( or: why would I want to relearn how to write specs? )
RSpec Steps allows you to chain examples into a series of steps that run in sequence and which stop when a step fails. It's often incredibly useful to be able to aseemble a series of tests that should all pass, but where completely isolating them is less than sensible.
( RSpec Steps has gone on with the tide of progress - it only supports RSpec 3.x. If you need Rspec 2 suport, check out two-step: https://github.com/LRDesign/two-step )
One excellent example is web site integration tests. With RSpec steps you can do:
steps "Login and change password" do it "should show the login form" do visit root page.should have_text "Login" end it "should successfully log in" do fill_in :name, "Johnny User" click "Login" page.should have_text "Welcome, Johnny!" end it "should load the password change form" do click "My Settings" click "Update Password" page.should have_selector("form#update_password") end it "should change the user's password successfully" do fill_in :password, "foobar" fill_in :password_confirmation, "foobar" click "Change Password" page.should have_text "Password changed successfully!" User.find_by_name("Johnny User").valid_password?("foobar").should be_true end end
The examples above will be run in order. State is preserved between examples inside a "steps" block: any DB transactions will not roll back until the entire sequence has been complete.
If any example inside the "steps" block fails, all remaining steps will be marked pending and therefore skipped.
RSpec's philosophy is that all examples should be completely independent. This is a great philosophy for most purposes, and we recommend you stick to it in almost all cases. BUT, that complete separation of examples really sucks when you're trying to write long stories involving many requests. You are usually stuck with three choices:
- Write a sequence of examples, each of which repeats the behavior of all previous examples. Downside: horrendously inefficient.
- Write a single huge example which performs the entire story. Downside: only one description, no independent reporting of the steps of the story.
- Use Cucumber. Downside: We agree totally with this guy: http://bit.ly/dmXqnY
RSpec-steps intentionally breaks RSpec's "independent" philosophy to let us get the only thing we really want from Cucumber - the ability to execute some examples in sequence, and skip subsequent steps after a failure.
Caveats and cautions
Don't call "describe" inside of "steps". The behavior is undefined and probably bad. It's hard to imagine what this should actually mean in any case. Future versions of rspec-steps will consider this an error.
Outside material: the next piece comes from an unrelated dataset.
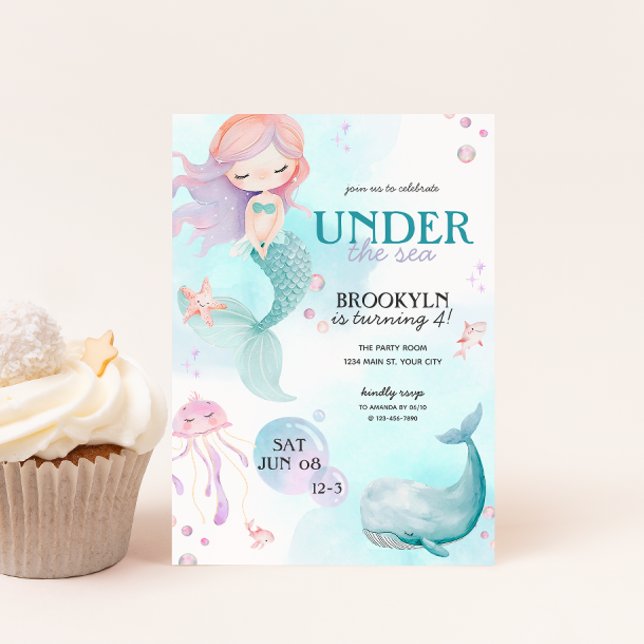 Sjöjungfru under Flick kalas Inbjudningar (Girls Mermaid Under the Sea Birthday Invite)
Any call to "before" inside a steps block is treated like before(:all) and is run only once before the first step. Or perhaps more accurately, any call to before() is treated like before(:each) ... but for these purposes the entire steps block is treated like a single example.
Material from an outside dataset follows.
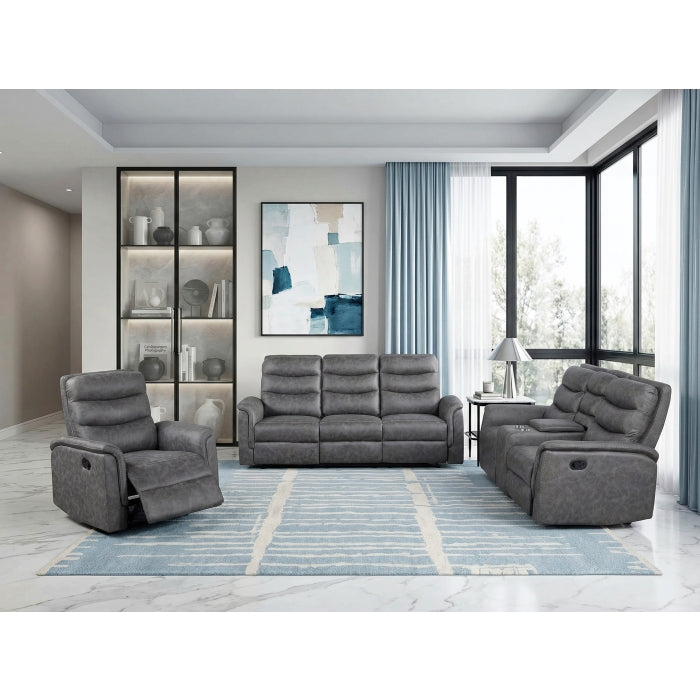 Metric Gray Double Reclining Sofa With Drop-down Cup Holders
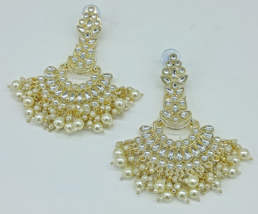 Bollywood Style Indian Gold Plated Kundan Chandbali Pearl Bridal Jewelry Set - £22.44 GBP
Advanced stuff: shared steps
If you have (for example) two user stories that share the same first N steps but then diverge, you can DRY your code out with shared_steps blocks, like so:
shared_steps "For a logged-in user" do it "should have login form" visit root page.should have_selector "form#login" end it "should log the user in" do fill_in :name, "Johnny User" page.should have_text "Welcome, Johnny!" end end steps "updating password" do perform_steps "For a logged-in user" it "should update the password" do ... end end steps "uploading a profile picture" do perform_steps "For a logged-in user" it "should upload a picture" do ... end end
Versions and Dependencies
The goal (sadly unfulfilled) is to try to be compatible with as many versions of RSpec 3.x as possible. Frankly, Rspec-Steps is more than a little bit of a hack, and intrudes wholesale on RSpec's private interfaces.